By Shkëlqim ABAZI
Part twenty-nine
S P A Ç
The Grave of the Living
Tirana, 2018
(My memories and those of others)
Memorie.al /Now in my old age, I feel obliged to tell my truth, just as I lived it. To speak of the modest men, who never boasted of their deeds, and of others whose mouths the regime sealed, burying them in nameless pits. In no case do I presume to usurp the monopoly on truth or claim the laurels for an event where I was accidentally present, even though I desperately tried to help my friends, who tactfully and kindly deterred me: “Brother, open your eyes… don’t get involved… you only have two months and a little more left!” A worry that clung to me like an amulet, from the morning of May 21, 22, and 23, 1974, and even followed me in the months after, until I was released. Nevertheless, everything I saw and heard during those three days; I would not want to take to the grave.
Continued from the previous issue
“But it is not meant for you!”
“We are sacrificing also in the name of our executed fathers,” Skënder tried to explain. “Okay, ego, I will sacrifice myself in the name of the minorities.”

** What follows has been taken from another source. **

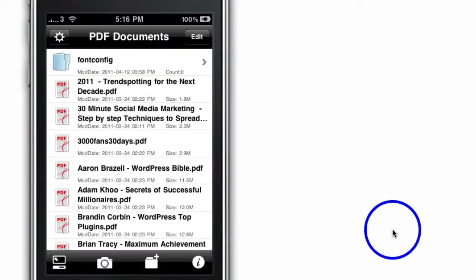Welcome to the PDF Reader App Review. This is West and thank you for joining me on this exciting app review.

“Go away, Jorgo!” I pleaded with him again.
“Okay, pedhimo (my boy), we lived together, we will die together!”
“May you take the blame on yourself?” Dervish burst out, grabbed a crowbar and threw it onto a pile of stones.
“O Theos, na muti manas to komunismos (Oh God, Communism fucked us up!)” Jorgo let out a Greek curse, made the sign of the cross, grabbed the crowbar, and took up a corner on the side of the ordinary camp.
The two side walls and the one above the square, we had “fortified”; after Jorgo took the back side, we “fortified” all four. Time was closing in; even if you wanted to, you couldn’t shirk the duty because the hordes of Special Forces (sampistë) surrounded us.
Those who entered through the main gate you saw, but just as many others came in from the labor camp and surrounded the territory, in five echelons, as if they had encircled four hundred people. In every pillbox, five automatic rifle barrels threatened us, not counting the thousands who completed the cordon after cordon, while above, a helicopter patrolled so low that you could hit it with a stone; above that, the ‘Mig’ fighter jets climbed and dived in a strafing run.
The calls to ‘surrender’ you and we heard, perhaps all of Mirdita, because they raised the loudspeaker so high that I believe it must have been felt from Zogu’s Bridge to Qafë Morinë.
But we made the decision, perhaps the most absurd decision ever made by those surrounded in castles or caves. The castle defenders or cave dwellers decided to sacrifice themselves, but they were armed and tried to pay for their death dearly, while we only had our hearts and some pieces of bricks and stones, one crowbar, and one shovel or pickaxe handle. In a way, we signed our certain death, voluntarily!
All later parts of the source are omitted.